Well someone was mad enough to put out an appeal for more newsletter articles, so never one to leave people in a sticky situation here is the best I can do. If you think you could do better, then why not try to prove it to us eager readers!
Oh, and before I go further, I do NOT have the luxury of a spell checker on this computer!
Each outdoor activity tends to give you a different view of the great British countryside. Climb and you become expert in rock types, being able to distinguish your southern sandstone from the harder Northumbrian kind. Walk and you understand the landscape, the topology of the countryside, the folds of the rock to build the mountains. Sail and it's wind and tides; mountain bike, and you become an expert in mud.
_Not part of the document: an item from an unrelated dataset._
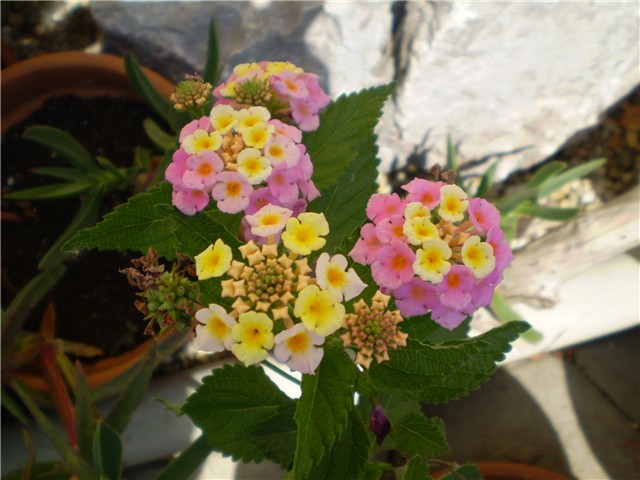lantana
It is amazing how many different types of mud there are, so it is a sad reflection that given the richness of the English language we have so few words for it. After all rain, just one vital ingredient for the mud, can be: mizzle, drizzle, shower, rain, downpour, monsoon, cats and dogs-and that's just for starters. However when sitting down over Christmas wine I was stuck trying to come up with many mud types even though, as any (non-seasonal) mountain biker will tell you, there is a huge variety of different types of mud, each requiring their own unique riding style. So, with the aid of an on-line thesaurus, I have come up with the following glossary.
Slime This usually exists as a thin but highly mobile surface on top of a hardcore. It can often be ridden successfully - provided no change of direction is attempted. This type of mud is particularly good for practising your ice techniques.
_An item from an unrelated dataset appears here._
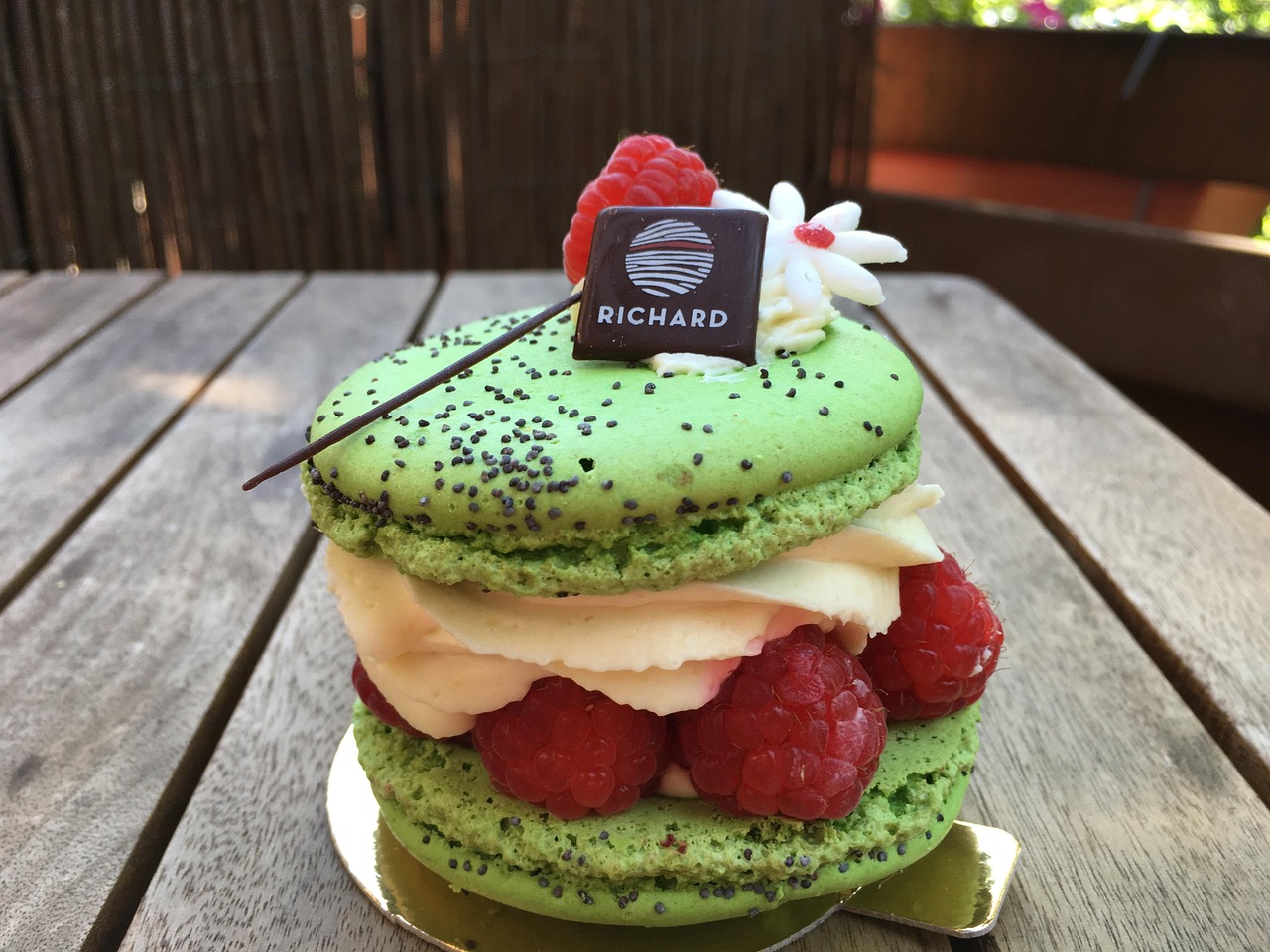 Cake Shop Pie Macarons Free photo on Pixabay Pixabay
Bog: Often associated with Peat, or did I mean Pete? The old (as in ex) Pres was so enchanted when he first encountered a true Scottish peat bog that he was not happy just to place one foot in - oh no, only a two foot exploration would enable him to discover the true properties of this new species of mud! I personally was rather aggrieved when, on trying to effect a rescue, I was accused of pulling his arms from their sockets and encouraging him to leave his boots behind! This type of mud can only be ridden if you want to ride straight down into the depths of the hillside.
Glop: This is easily recognised as anything dropped into it leaves a ripple rather like water, but the concentric circles expand at a much more leisurely pace. It is typically left behind in the tread-lines of 4WD off-road vehicles after their owners have been enjoying the fresh air, peace and wildlife in the countryside. After much experimentation we have finally devised a suitable riding technique for the glop-containing trenches . Firstly lower your seat, position the bike into one of the tyre runnels, unclip your feet and place them slightly in front of you, on the raised bollards that run on either side of the runnel. A running motion will now see you and your bike propelled through the mud. Occasionally you may come across a small lake formed where the original byway has been totally destroyed. To negotiate this requires power as well as skill, as here you will only be able to reach one of the side bollards.
Goo: (pronounced gloo) You cycle, initially oblivious to the substance, as it has much the appearance of reasonable earth. Gradually, you slow to a stop. Puzzled, you dismount, and then, examining your bike to understand the failure, you realise the danger you are in. The signs on the bike are easy to spot - you can no longer see various components, like brakes, wheels, or in extreme cases, the bike itself. Where they should be, there is just a large mound of the brown stuff. Do not stand still too long examining this problem - march those feet double-quick, otherwise you will find yourself completely stuck in the mud. If that does happen, the easiest way out of the problem is to give in gracefully - i.e. lie down rather than fall over, and wiggle away to firm ground. Unfortunately Caroline seems to have lost the pictures that were taken on her first encounter with the goo.
Quagmire: Often indicated on a map as marshland. Totally un-cycleable. Patches of hard tussocks of grass will encourage your bike to attempt unauthorised direction changes, leaving you very wet indeed.
This list is clearly not complete. What for example do you call the good mud? The sort that can keep children amused for hours at little cost to the parents other than the call-out charge to the washing machine repairman? Or the sort that people pay good money for in health clubs, for use as a face pack, but is in fact freely available - and applied for you courtesy of a good downhill slope? As a footnote to cyclists, I have noticed that health clubs tend to only apply this stuff to the face or naked skin. The current habit of cycling with the backside sprayed with mud, as illustrated in the enclosed photo, is not to be recommended.
It is hoped by leaving these questions unanswered I will inspire other mud experts to come out of camouflage and write their own answer to the conundrum.